The club of supposedly “unfulfilled” footballers is not so exclusive in a competition that  ignores many stories of success during a season in which there is just one winner universally acknowledged – the premiership team.

It is a roll call of greats. Recently it has added Gary Ablett senior, Australian Football Hall of Fame legends Tony Lockett and Bob Skilton, Brownlow Medallist Robert Harvey, Melbourne club icon Robert Flower, St Kilda spiritual leader Nick Riewoldt … and Nathan Buckley.

And there are some famous mistimed shifts – such as Buckley’s from Brisbane to Collingwood – that famously backfired. In the SANFL, ruckman Dexter Kennedy left West Adelaide, where he held the league record as the youngest player to make his senior debut at age 15 years, 11 months and two days in 1970, to join Port Adelaide after 237 games at the end of 1982. He watched West Adelaide win the premiership in 1983.

In the AFL, South Australian Ryan Griffen left the Western Bulldogs at the end of 2014 after 202 game, and was at Greater Western Sydney while the old Footscray ended its 62-year premiership drought in 2016.

On retiring as a player without an AFL premiership at the end of 2007, Buckley was left to find that “fulfillment” as a coach. On leaving the Collingwood coaching role, Buckley says of that “unfulfilled” tag: “My coaching career has mirrored my playing career pretty closely, if I’m talking about it from my perspective.

“Ultimately, to not have been part of a premiership, if I reflect back to what I would’ve thought 20 years ago, I think I would’ve been absolutely gutted and shattered by it.

“I’m disappointed (but) I’m definitely not unfulfilled, because the journey itself has been tremendously fulfilling.

“Bar a kick here or there, I wouldn’t change much,” added Buckley who lost the 2002 AFL grand final as a player by nine points to Brisbane and the 2018 grand final as a coach by five points to West Coast.

One of the men who stopped Buckley achieve premiership success in the 2002 grand final, Brisbane triple-premiership forward Jonathan Brown, says Buckley should not feel unfulfilled, when “his contribution to the Collingwood Football Club and our game in general has been amazing – he has been close to the top of the mountain on several occasions, as a player and a coach”.

Tredrea ranks Buckley among the top three of his era during the 1990s and early 2000s, sandwiched between fellow Brownlow Medallists who also have AFL premiership medals – Michael Voss and James Hird.

“Voss is No.1 because he was super tough and could play anywhere,” Tredrea said. “Buckley was the most talented. And Hird did not give us (at Port Adelaide) half the headaches that Buckley did.

“They always will be the ‘Big Three’ of my time and that does not change by Nathan being without a premiership as a player.”

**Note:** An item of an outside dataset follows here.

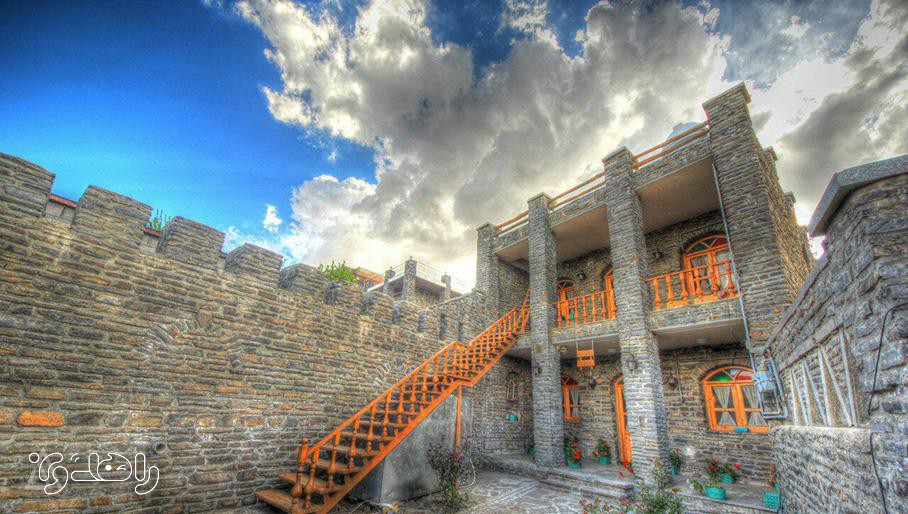 اقامتگاه بوم گردی ورکانه همدان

Buckley’s AFL playing career did not begin at Collingwood, and his coaching career might not end with Collingwood either. He does note: “I think I may have died during the week; there were a lot of eulogies that were handed out.”

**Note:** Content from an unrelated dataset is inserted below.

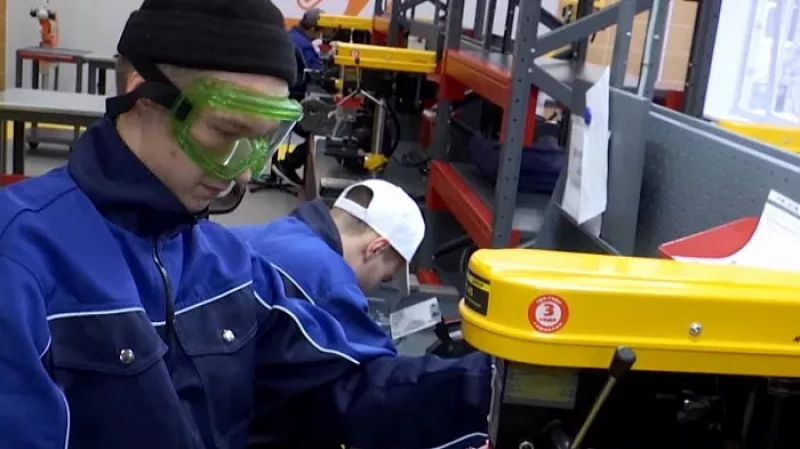 Свердловская область примет участие в федеральном проекте «Профессионалитет»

Buckley is 48. He still has much time to add more and more of his imprint on Australian football.

“Anything Nathan does next, he will grab with both hands,” says Cunningham. “I admire everything about Nathan. He has his detractors, but I did (while working as a consultant with the football staff at Collingwood) see how good Nathan was as a coach. He really cared about the game, the people and the club.”

Another chapter seems inevitable in the Buckley football book.

Perhaps he will finally return to Alberton to match his SANFL premiership success with a successful coaching stint.